What all thirteen things that don’t make sense have in common is that science my be approaching the limits of current paradigms, and what may be necessary for further breakthroughs is a sea change in the way we look at things, on the level of a Newtonian, Copernican, or Einsteinian revolution. But the real value of this book is that it does what a lot of other popular science literature and media don’t do. It demonstrates that science is an ongoing process, constantly changing as we learn more. New information constantly comes along, and is often ignored early on.

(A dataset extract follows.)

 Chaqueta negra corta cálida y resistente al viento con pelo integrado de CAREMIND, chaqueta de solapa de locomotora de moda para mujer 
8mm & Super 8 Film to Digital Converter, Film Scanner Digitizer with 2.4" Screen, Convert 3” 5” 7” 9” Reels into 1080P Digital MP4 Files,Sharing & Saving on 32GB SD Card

Just because a theory turns out to be wrong doesn’t mean it isn’t useful—it may eliminate a strain of research that hasn’t been productive and direct resources and intellectual energy down a more fruitful path. Sometimes negative results are a lot more interesting than positive results.

Also, we learn that just because you’re a Nobel laureate doesn’t mean you can figure out an elevator at the Hotel Metropole in Brussels (something Donald Norman could’ve told you, but that’s another book entirely).

Book 22: Out of Time

Sunday, November 22nd, 2009

Title: Out of Time
Author: John Marsden
Genre: Science Fiction

John Marsden’s novel is about a kid named James, who may or may not be somewhere on the Asperger’s/autism spectrum, who manages to acquire a time machine through an unlikely but plausible set of circumstances. It’s not terribly clear whether or not the main storyline is set in the author’s native Australia, but that’s a reasonable assumption. There’s rather a lot that’s not terribly clear in the novel, actually.

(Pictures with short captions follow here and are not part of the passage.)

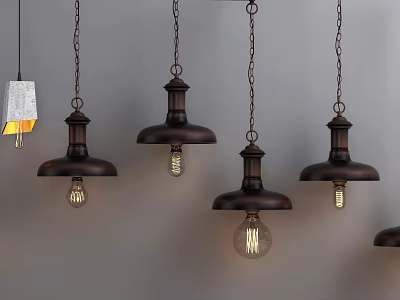 Vintage Industrial Pendant Lights With Black Metal Shades And Edison Filament Bulbs 3d model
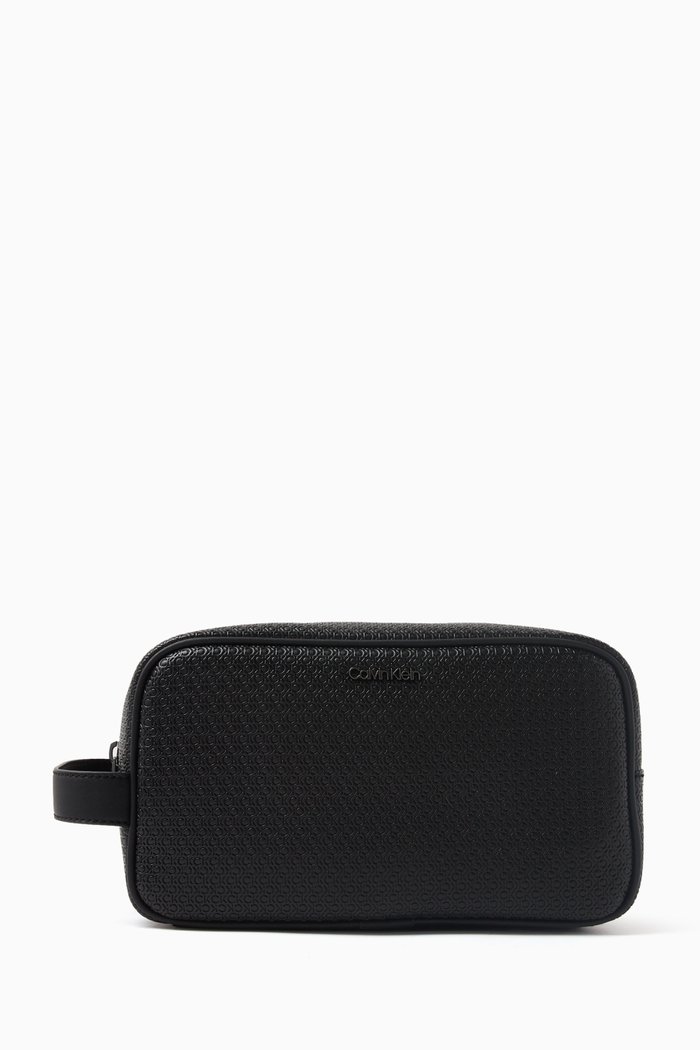 

Logo Wash Bag in Faux Leather, Black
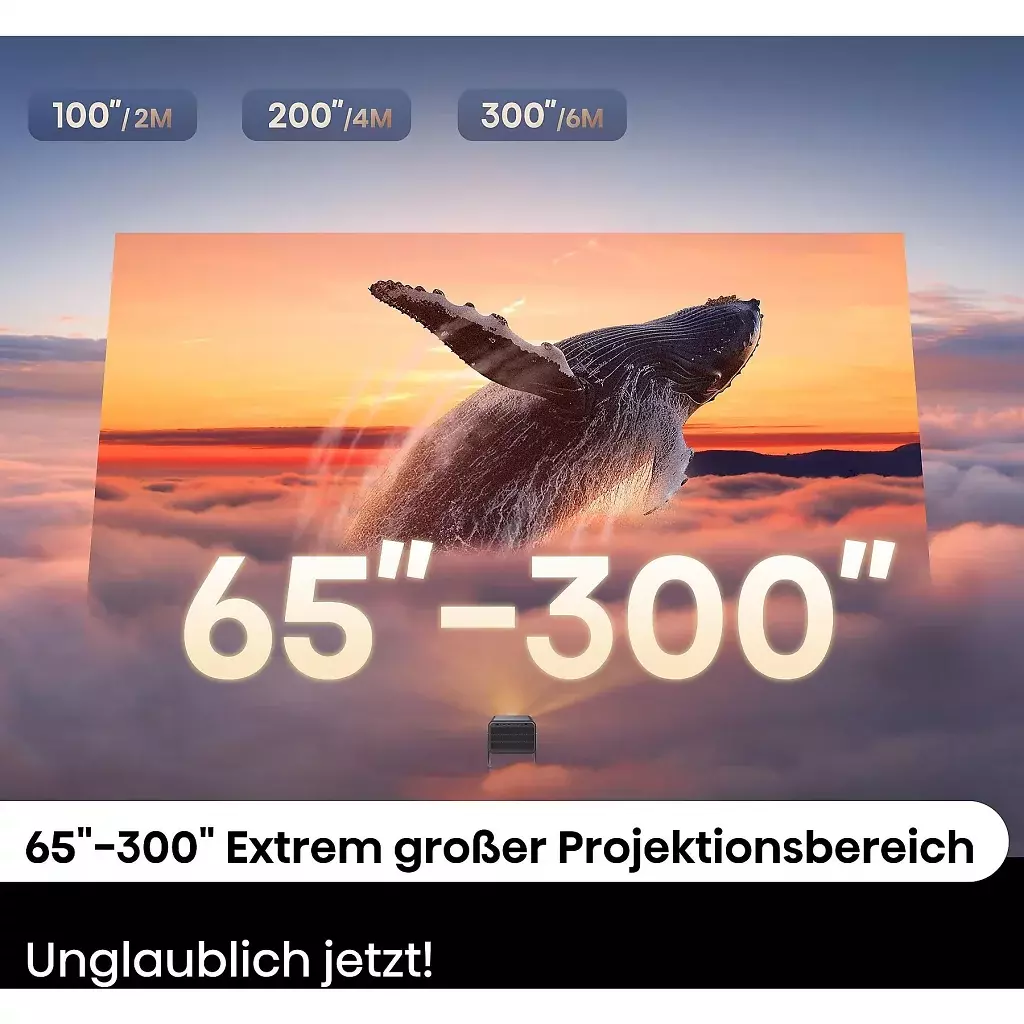 Der Hisense C2 Pro ermöglicht Bildgrößen bis zu 300 Zoll.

Generally speaking, a novel that jumps around a lot in space and time and perspective—particularly one about time travel—doesn’t bother me. I trust that the author will bring it all together in a coherent fashion in the end. And while the story is definitely brought to a close, it doesn’t ever get particularly coherent.

I’m of two minds about this. The first is that it’s just not quite polished enough or somehow didn’t come together properly. The other is that the author is deliberately trying to create confusion, or replicate some sort of alternate state of mind of his protagonist. I’m going to guess it’s the latter, and give the author credit for a bang-up job.

That said, the novel is particularly memorable, although it’s not particularly bad either. I’d have to read more of Marsden’s work to really get a feel for his style, I suspect, but I am not inspired to do so.

Book 21: Gods Behaving Badly

Saturday, November 21st, 2009

Title: Gods Behaving Badly
Author: Marie Phillips
Genre: Fiction

Gods Behaving Badly is one part urban fantasy, one part Greek mythology, a pinch of Peter Pan, and a bit of an homage to Douglas Adams thrown in. Like Neil Gaiman’s American Gods, it features ancient deities trying to live in the modern world while meddling with the lives of mortals for their own amusement. However, it’s also sort of an anti-American Gods, or at least a happy-bouncy take on the same situation. The tone sort of reminds me of a romance novel, in that one knows ho the story is going to end, and it’s the getting there part that’s interesting. If you like romance novels.

But I digress.

Apollo is a TV psychic, Artemis a dog-walker, and Aphordite a phone-sex operator. They and their siblings/spouses/parents/cousins live in a rundown house in London, and when one of Eros’s arrows makes Apollo fall in love with the house cleaner, Alice, things go about as any student of Greek mythology would expect…almost. A series of petty divine revenge schemes ensues, during which an unlikely minor hero emerges, in the form of the Neil, Alice’s would-be boyfriend. It’s well-written, particularly the interactions between Neil and Alice, which verges on farce without ever quite getting there. Overall, cute, clever, and amusing, and better than average. I’m not sure of there’s something that could have been done differently to make it truly outstanding, or even what that might be, but it’s certainly worth the time.